:: EXERCISE DIRECTIONS ::
Further down are entries; set down exactly and only the lines from the one with "-蒸小皖(合肥新桥国际机场店)" up to and including the one with "Синий Фольксваген Пассат, объемом", dropping each picture.

:: STUDY MATERIAL ::

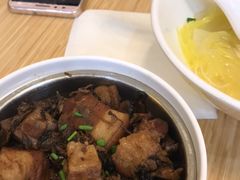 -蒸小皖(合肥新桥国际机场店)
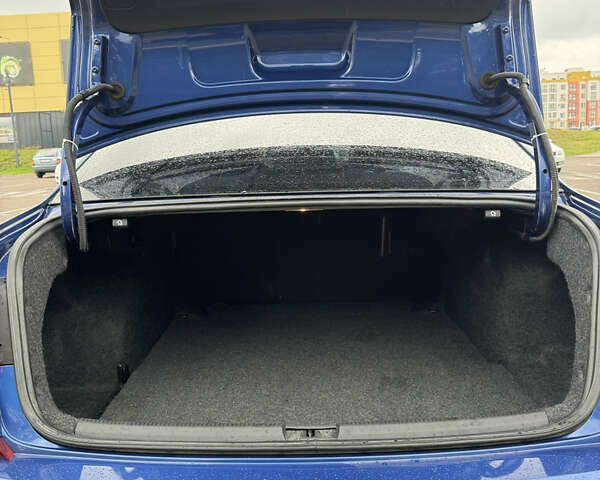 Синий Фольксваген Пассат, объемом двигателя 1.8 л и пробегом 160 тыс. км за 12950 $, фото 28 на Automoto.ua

==

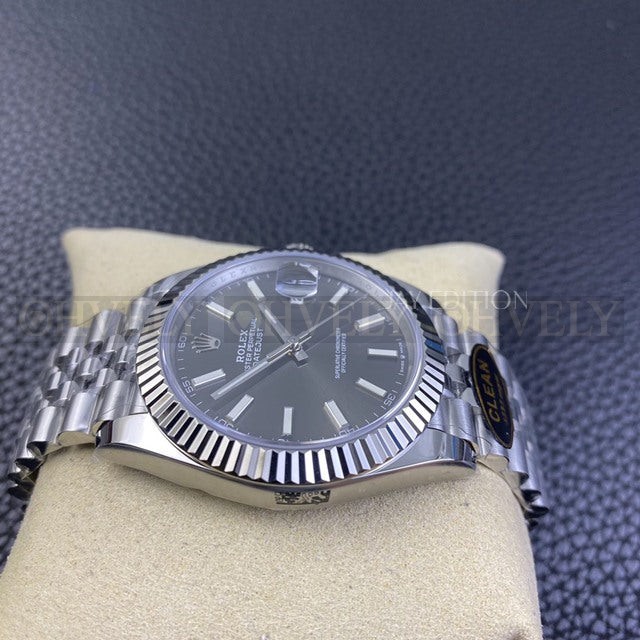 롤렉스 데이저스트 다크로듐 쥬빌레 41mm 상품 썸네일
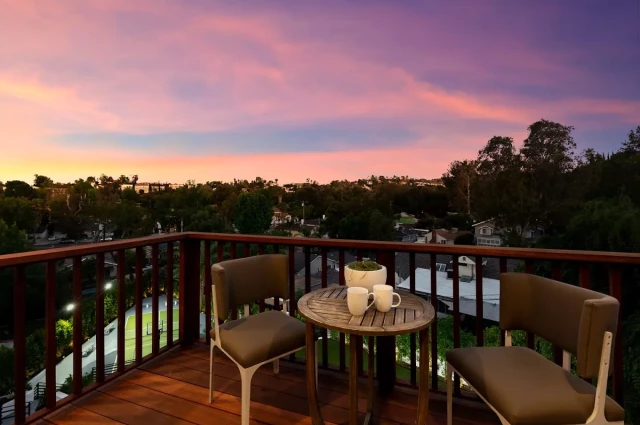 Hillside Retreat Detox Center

---

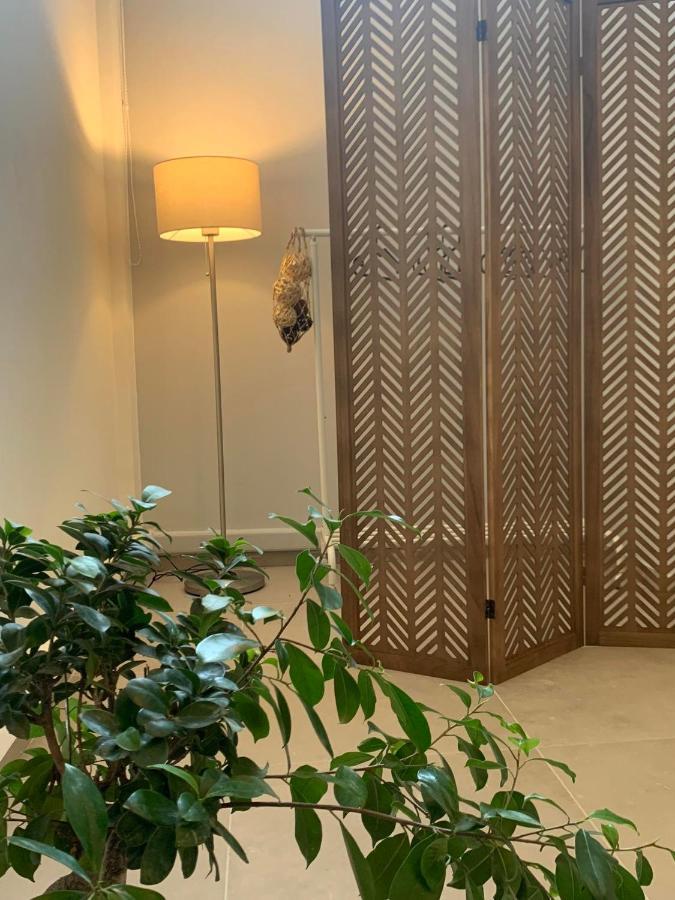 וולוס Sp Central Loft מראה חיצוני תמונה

:: RESPONSE TO THE EXERCISE ::
 -蒸小皖(合肥新桥国际机场店)
 Синий Фольксваген Пассат, объемом двигателя 1.8 л и пробегом 160 тыс. км за 12950 $, фото 28 на Automoto.ua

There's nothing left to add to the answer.